Copyright (c) Microsoft Corporation. All rights reserved.  
Licensed under the MIT License.

# Want to *actually* do machine learning? 
## Part 3: Deploy models

*Made for Microsoft Build 2019*

This is the third in a series that walks through how Azure Machine Learning service can speed up your machine learning modelling workflow so you can focus on the interesting tasks that matter. 

**Goal:**
In this notebook, we'll prepare deploy our pytorch model on gpu and cpu cluster. 


In [1]:
!source activate py36


## Deploy a VM with your PyTorch model in the Cloud

### Load Azure ML workspace

We begin by instantiating a workspace object from the existing workspace created earlier in the configuration notebook.

In [2]:
from azureml.core import Workspace, Dataset
import azureml.dataprep as dprep
from azureml.core.model import Model
import pandas as pd




In [3]:
from azureml.core import Workspace

# read existing workspace from config.json
ws = Workspace.from_config()

print(ws.name, ws.location, ws.resource_group, sep = '\n')

builddemossus
southcentralus
build2019


### Get your registered model 

In [4]:
model = Model(name="pytorch_regression_remote", workspace=ws)


### Optional: Displaying your registered models

This step is not required, so feel free to skip it.

In [5]:
models = ws.models
for name, m in models.items():
    print("Name:", name,"\tVersion:", m.version, "\tDescription:", m.description, m.tags)

Name: pytorch_regression_remote 	Version: 3 	Description: None {}
Name: pytorch_regression 	Version: 3 	Description: Taxi PyTorch Regression {'onnx': 'demo'}


### Specify our Score and Environment Files

We are now going to deploy our PyTorch Model on AML with inference. We begin by writing a score.py file, which will help us run the model in our Azure ML virtual machine (VM), and then specify our environment by writing a yml file. 

### Write Score File

A score file is what tells our Azure cloud service what to do. 

In [6]:
%%writefile score.py
# Copyright (c) Microsoft.
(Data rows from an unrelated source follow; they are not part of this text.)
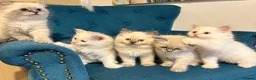 Siberian cats for sale: Save and check for next litter.  Siberian - Advert 10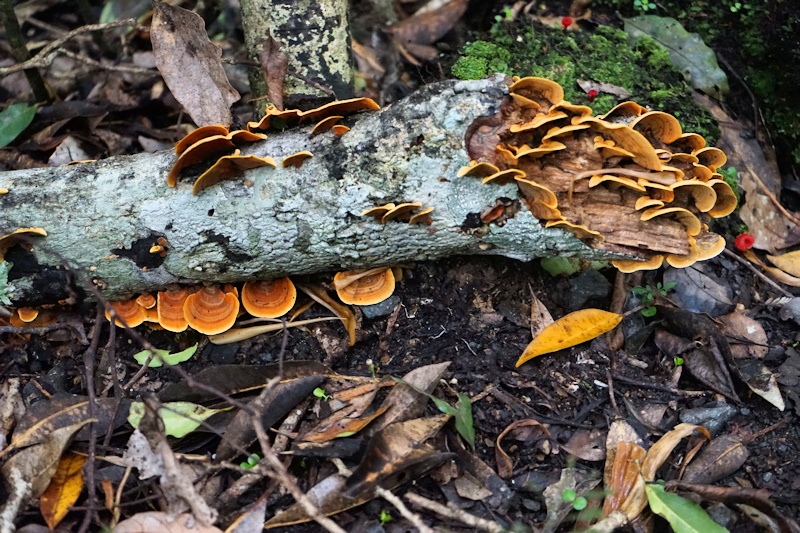 Lamington Rain Forest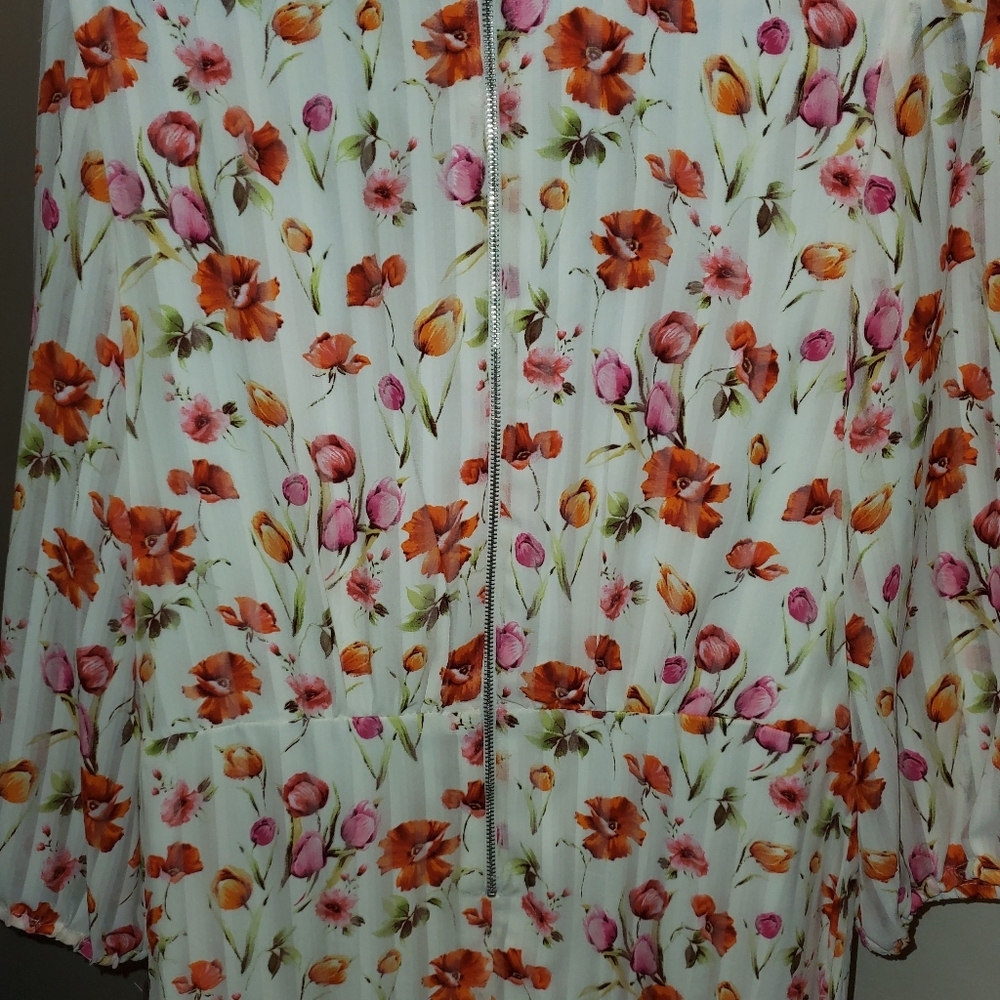 Clothes - Picture 2 of 4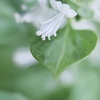 バジルの花は白
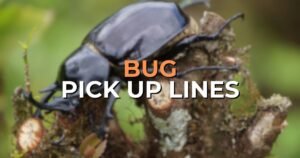 bug pick up lines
All rights reserved.
# Licensed under the MIT license.

import pathlib
import matplotlib.pyplot as plt
from pylab import rcParams

import pandas as pd
import numpy as np
import seaborn as sns

from collections import defaultdict

from sklearn.model_selection import train_test_split
from sklearn import preprocessing
from sklearn.metrics import mean_squared_error

pd.options.mode.chained_assignment = None

from torch.nn import init
import torch
import torch.nn as nn
import torch.optim as optim
from torch.autograd import Variable
import torch.nn.functional as F
from torch.utils import data
from torch.optim import lr_scheduler

device = torch.device("cpu")

from tqdm import tqdm
import json

from azureml.core.model import Model


def haversine_distance(df, start_lat, end_lat, start_lng, end_lng, prefix):
    """
    calculates haversine distance between 2 sets of GPS coordinates in df
    """
    R = 6371  #radius of earth in kilometers
       
    phi1 = np.radians(df[start_lat])
    phi2 = np.radians(df[end_lat])
    
    delta_phi = np.radians(df[end_lat]-df[start_lat])
    delta_lambda = np.radians(df[end_lng]-df[start_lng])
    
        
    a = np.sin(delta_phi / 2.0) ** 2 + np.cos(phi1) * np.cos(phi2) * np.sin(delta_lambda / 2.0) ** 2
    c = 2 * np.arctan2(np.sqrt(a), np.sqrt(1-a))
    d = (R * c) #in kilometers
    df[prefix+'distance_km'] = d

def add_datepart(df, col, prefix):
    attr = ['Year', 'Month', 'Week', 'Day', 'Dayofweek', 'Dayofyear',
            'Is_month_end', 'Is_month_start', 'Is_quarter_end', 'Is_quarter_start', 'Is_year_end', 'Is_year_start']
    attr = attr + ['Hour', 'Minute', 'Second']
    for n in attr: df[prefix + n] = getattr(df[col].dt, n.lower())
    df[prefix + 'Elapsed'] = df[col].astype(np.int64) // 10 ** 9
    df.drop(col, axis=1, inplace=True)
    
def reject_outliers(data, m = 2.):
    d = np.abs(data - np.median(data))
    mdev = np.median(d)
    s = d/(mdev if mdev else 1.)
    return s<m

def parse_gps(df, prefix):
    lat = prefix + '_latitude'
    lon = prefix + '_longitude'
    df[prefix + '_x'] = np.cos(df[lat]) * np.cos(df[lon])
    df[prefix + '_y'] = np.cos(df[lat]) * np.sin(df[lon]) 
    df[prefix + '_z'] = np.sin(df[lat])
    df.drop([lat, lon], axis=1, inplace=True)
    
def prepare_dataset(df):
    df['pickup_datetime'] = pd.to_datetime(df.pickup_datetime, infer_datetime_format=True)
    add_datepart(df, 'pickup_datetime', 'pickup')
    haversine_distance(df, 'pickup_latitude', 'dropoff_latitude', 'pickup_longitude', 'dropoff_longitude', '')
    parse_gps(df, 'pickup')
    parse_gps(df, 'dropoff')
    df.dropna(inplace=True)
    y = np.log(df.fare_amount)
    df.drop(['key', 'fare_amount'], axis=1, inplace=True)
    
    return df, y

def split_features(df):
    catf = ['pickupYear', 'pickupMonth', 'pickupWeek', 'pickupDay', 'pickupDayofweek', 
            'pickupDayofyear', 'pickupHour', 'pickupMinute', 'pickupSecond', 'pickupIs_month_end',
            'pickupIs_month_start', 'pickupIs_quarter_end', 'pickupIs_quarter_start',
            'pickupIs_year_end', 'pickupIs_year_start']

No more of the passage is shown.